The standard word for Japanese fried chicken, as it's become known around the world, is kara-age. Chicken pieces (usually boneless) are marinated; coated simply with flour, starch (usually katakuriko potato starch) or both; and deep-fried. According to the Japan Karaage Association, the dish first appeared in 1932 at a then-new chicken speciality restaurant in Ginza called Mikasa Kaikan. But despite its ubiquity on menus across Japan, there is a surprising amount of confusion around the dish.
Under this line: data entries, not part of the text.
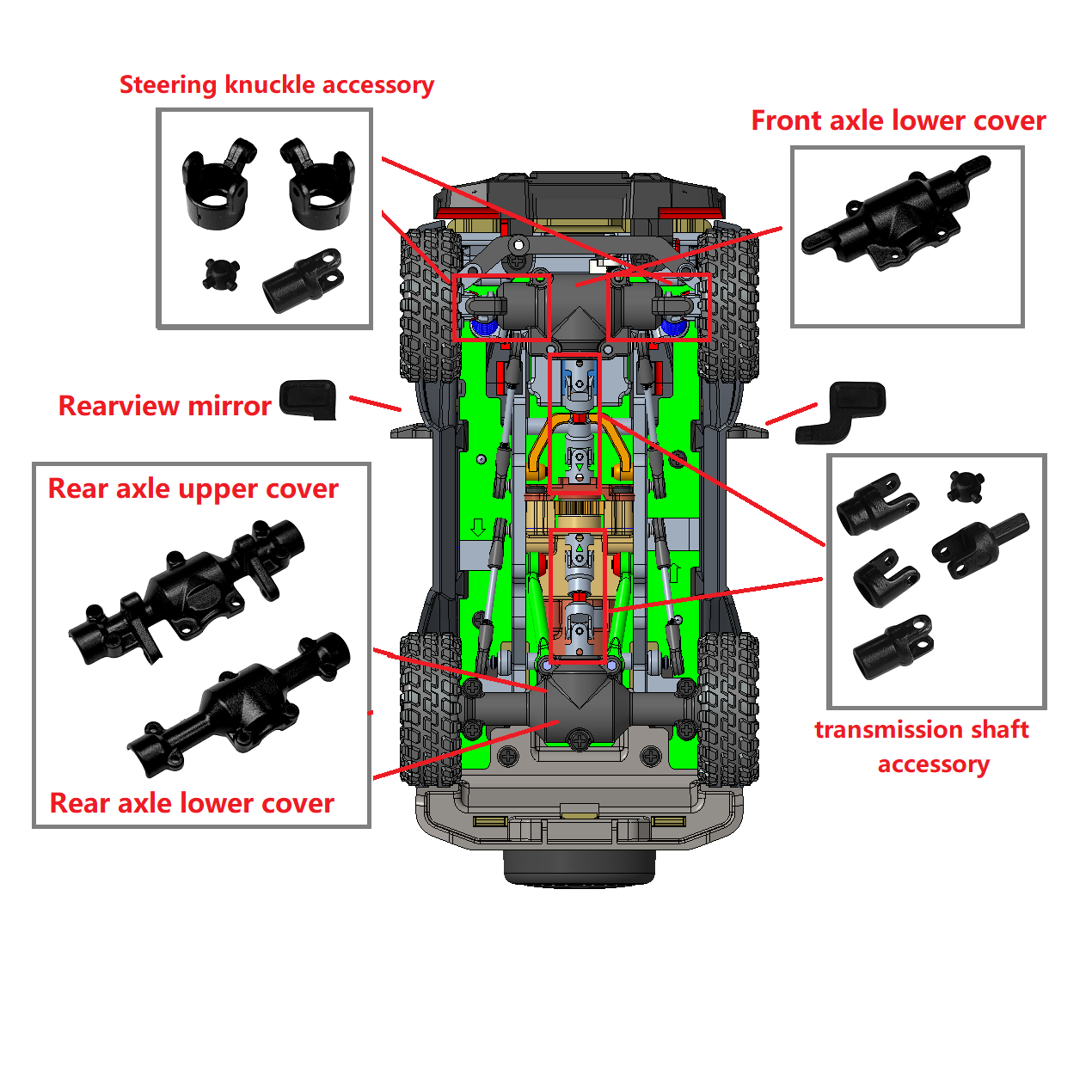 LDARC transmission shaft drive – Rc Drift Car Brushless recenzja i cena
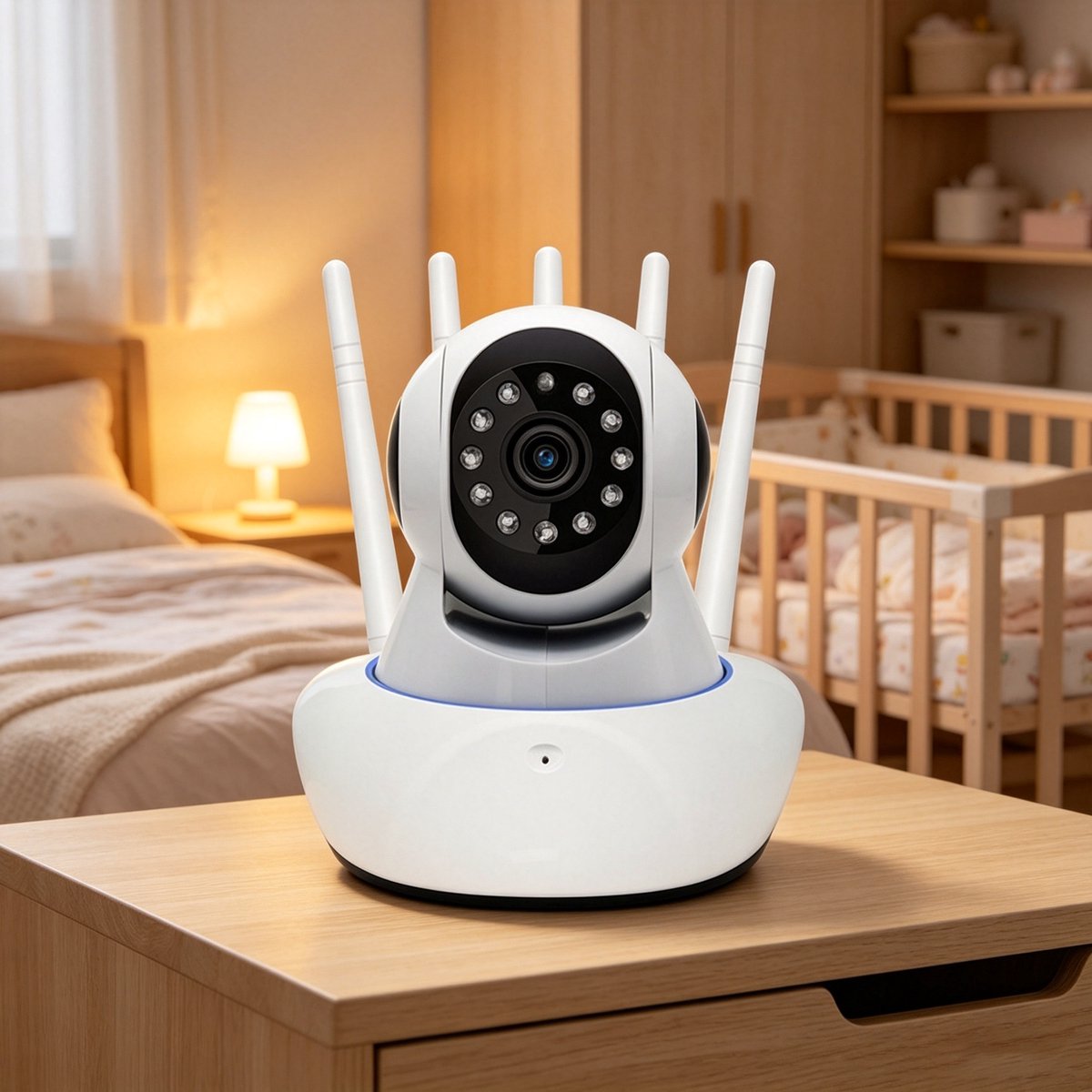 Wifi Binnencamera met PTZ-functie hoge resolutie infrarood nachtzicht beweegdetectie en tweerichtspraak realtime beeld via smartphone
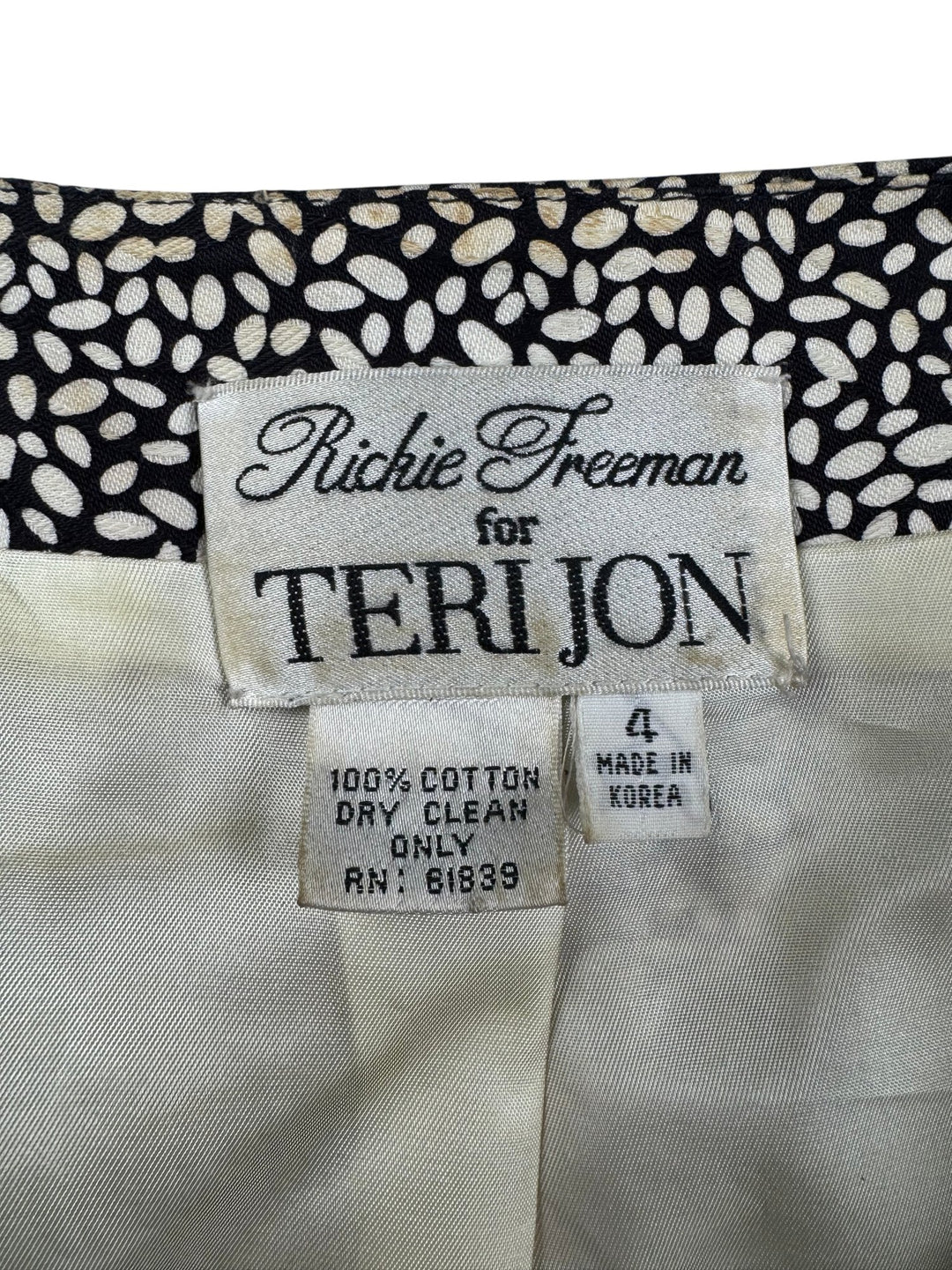 1980s Richie Freeman Terijon Floral Peplum Jacket - S - Think Vintage ltd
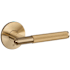 Buster + Punch Linear Passage Door Lever Set with Round Rose Brass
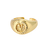 Anéis de Sinete personalizados cor Dourada na internet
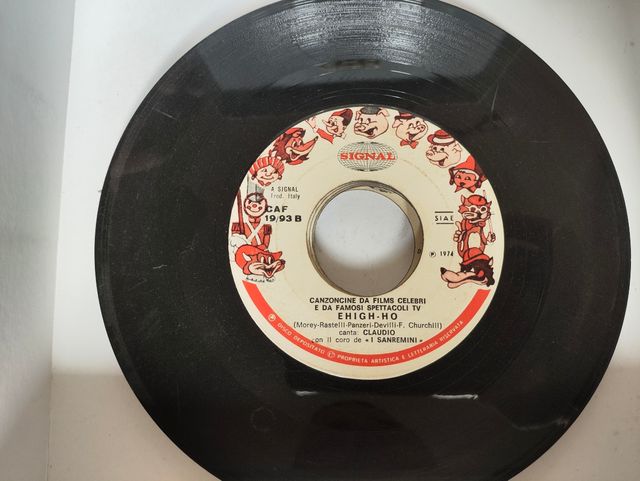 Vinile 33Giri Ehigh-Ho/La Tirolese Dei Nani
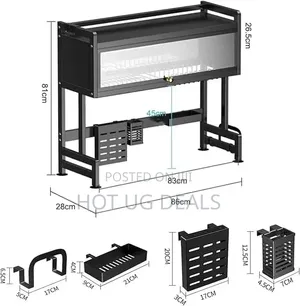Dust-Proof Over-the-Sink Dish Drying Rack With Cabinet Door
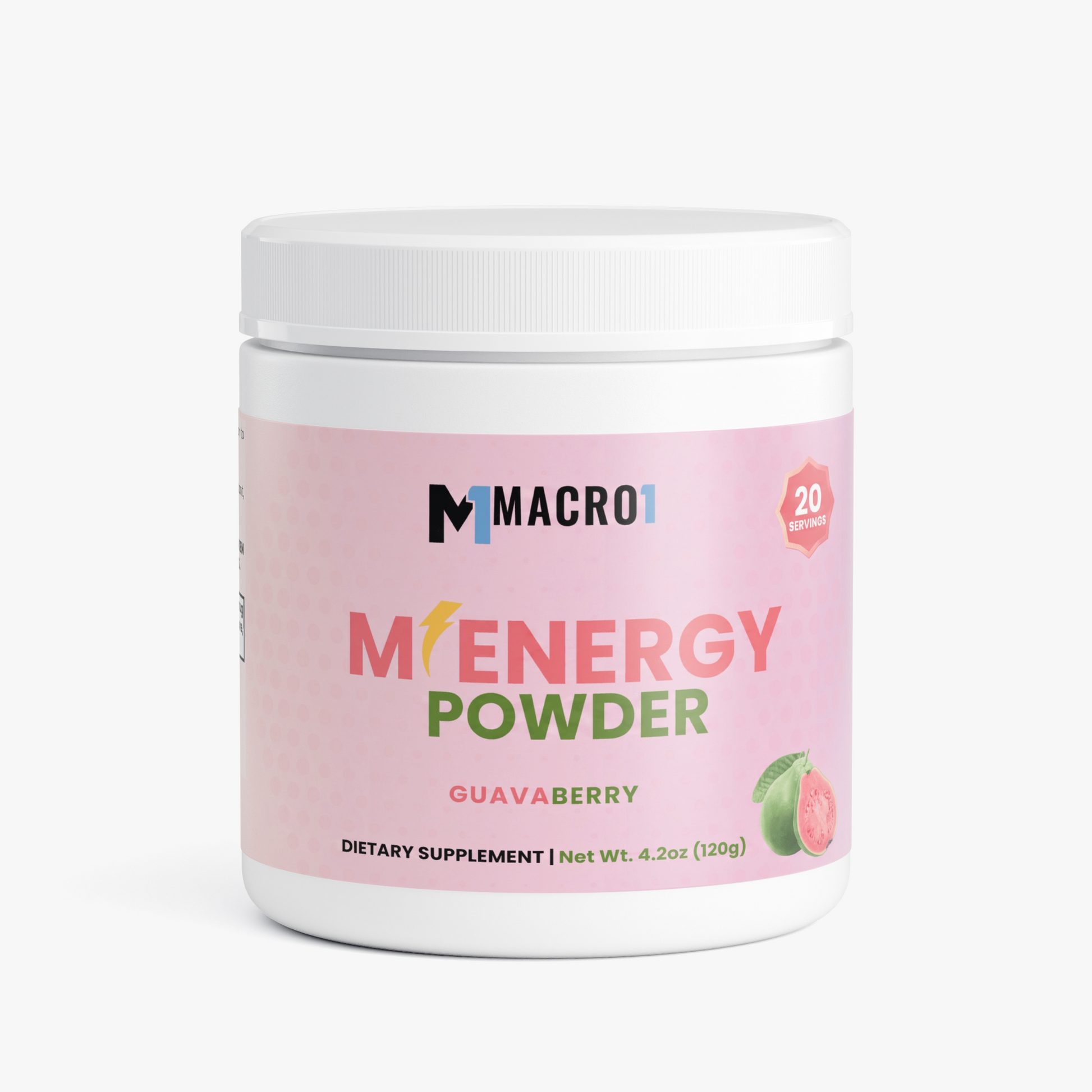 M1 ENERGY POWDER - GUAVABERRY | 20 SERVINGS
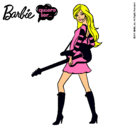 Dibujo Barbie la rockera pintado por lareina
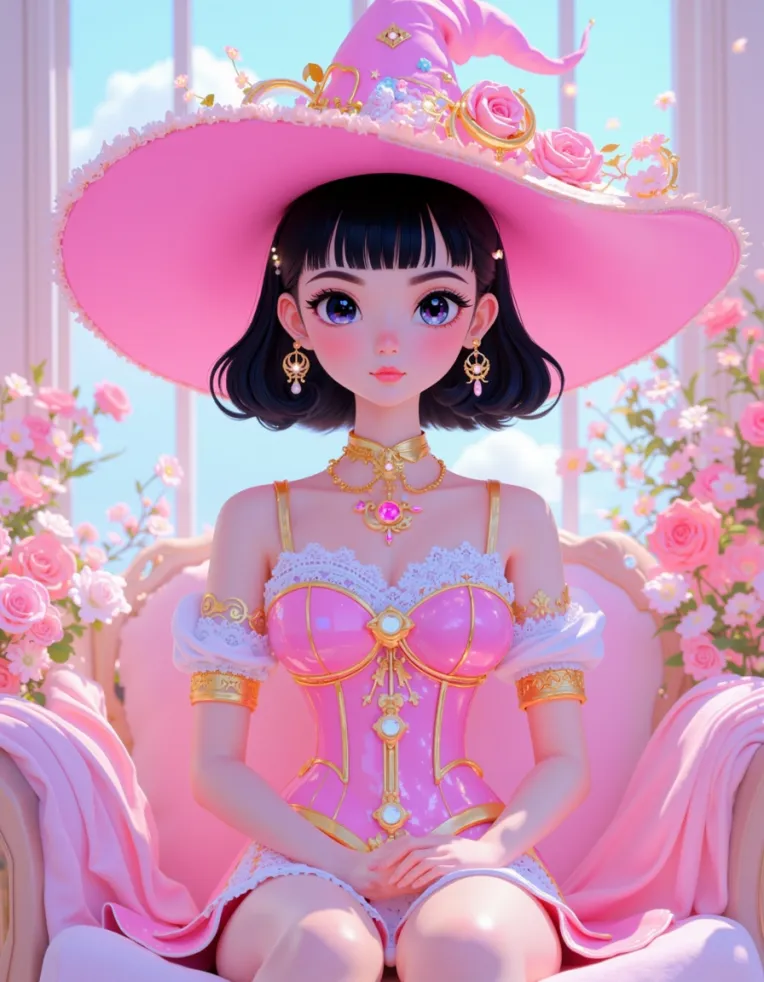 Cartoon style,Girl,LoRA,FLUX.1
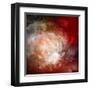 Cosmic Clouds Of Mist On Bright Colorful Backgrounds-Sergey Nivens-Framed Art Print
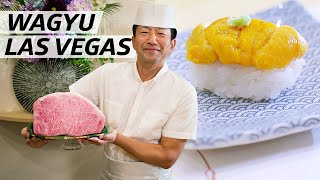 Master Sushi Chef Gen Mizoguchi Uses the Rarest Ingredients at his Las Vegas Restaurant — Omakase [upl. by Cykana219]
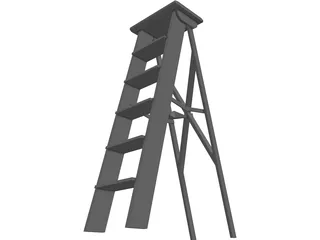 Folding Ladder 3D Model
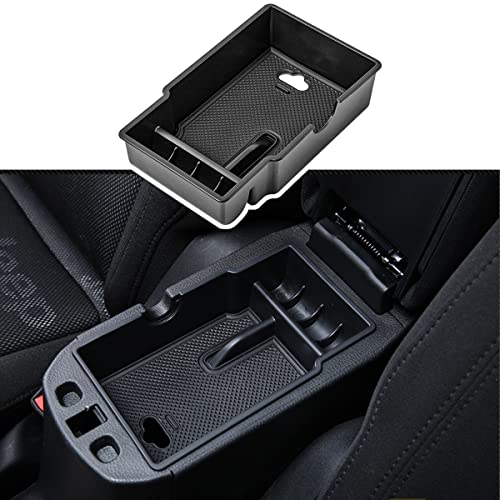 EDBETOS Center Console Organizer Tray Compatible with Jeep Renegade Accessories 2015-2019 2020 2021 2022 2023 Armrest Glove Box Secondary Storage (Black Line) - color: Black Line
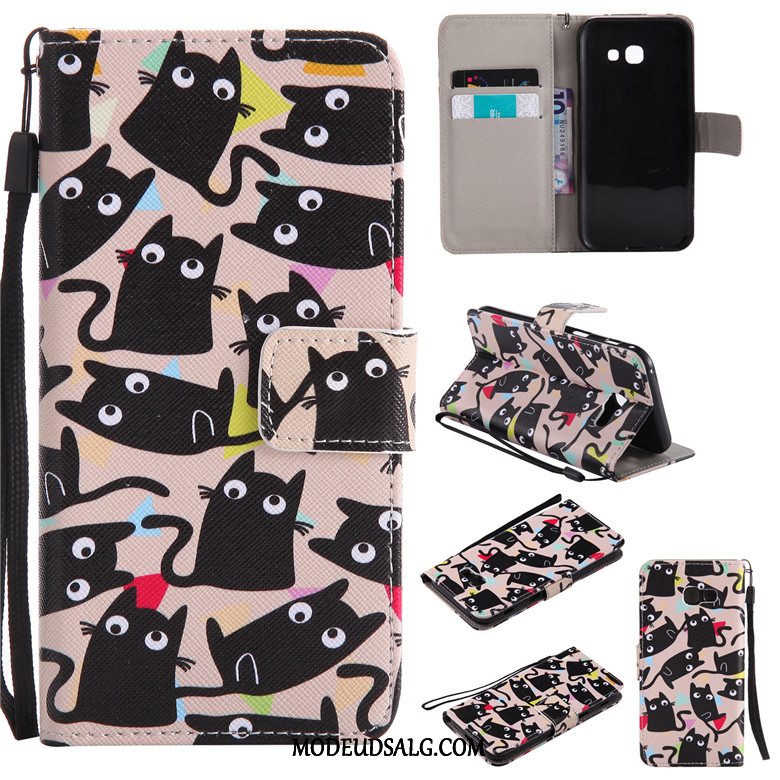 Samsung Galaxy A5 2017 Etui Lædertaske Cover Beskyttelse Silikone Cartoon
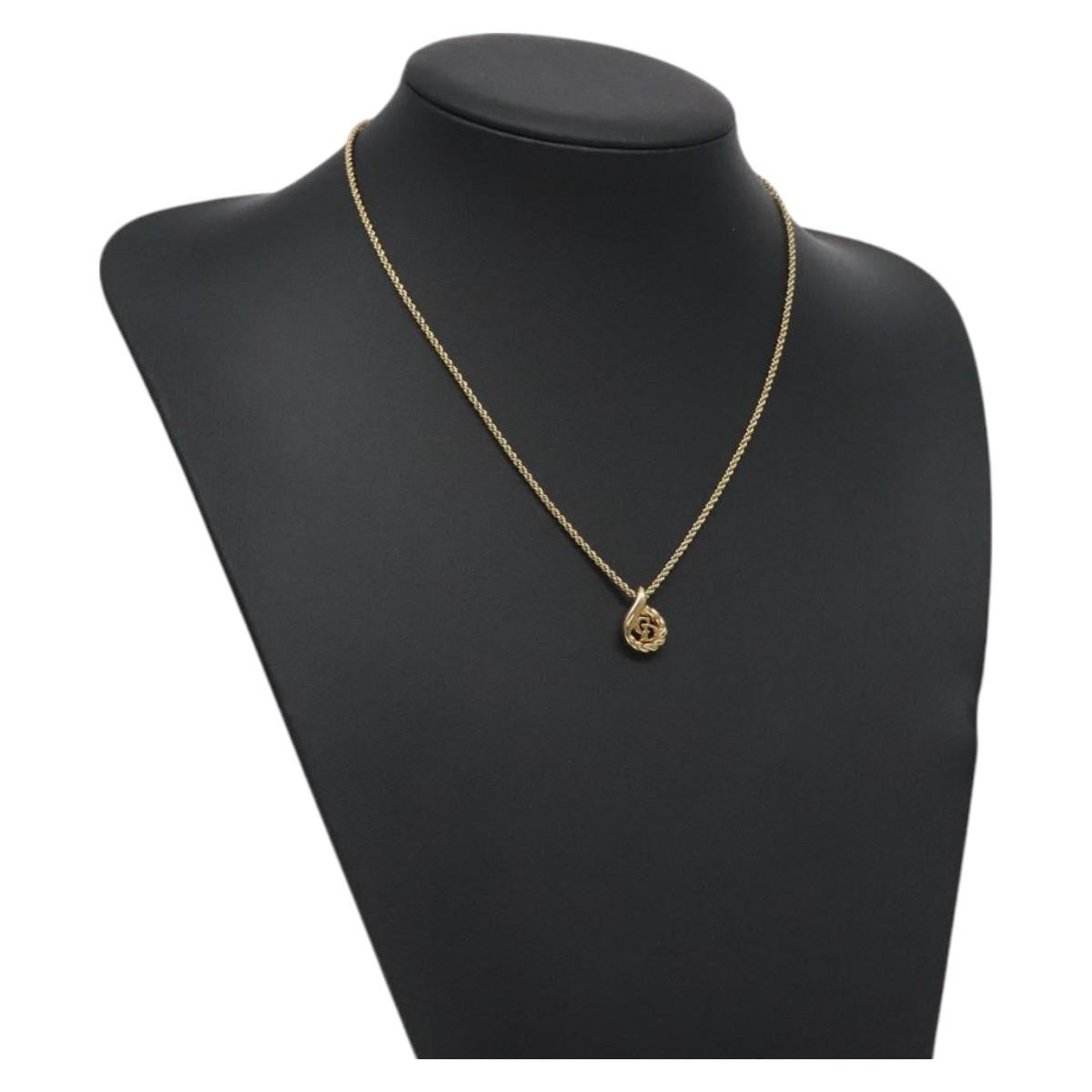 Christian Dior CD Pendant Necklace Gold-plated, GOLD, GOLD_PLATED, Necklace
To start with, how should the word kara-age be written? The age (揚げ) part is easy — it means deep-fried. But there's some debate as to whether the kara part should be the kanji for the Tang dynasty in China (唐, which is a synonym for China in Japan, regardless of the actual dynasty in power), to indicate its Chinese flavor influences, or the kanji for air (空), indicating that the dish is fried without batter. Both versions are considered valid. Some people avoid the issue by just writing kara in hiragana.

Another point of confusion is that most Japanese people can’t agree on the difference between kara-age and a similar deep-fried dish called tatsuta-age. Named for the Tatsuta River that flows in the northwest of Nara Prefecture, it gets its moniker because of the pretty contrast between the red-brown soy sauce marinade and the powdery white coating of potato starch used in the cooking process. Some insist that tatsuta-age is only coated with potato starch, while kara-age is coated with both flour and potato starch, but there are kara-age recipes that use only potato starch, too.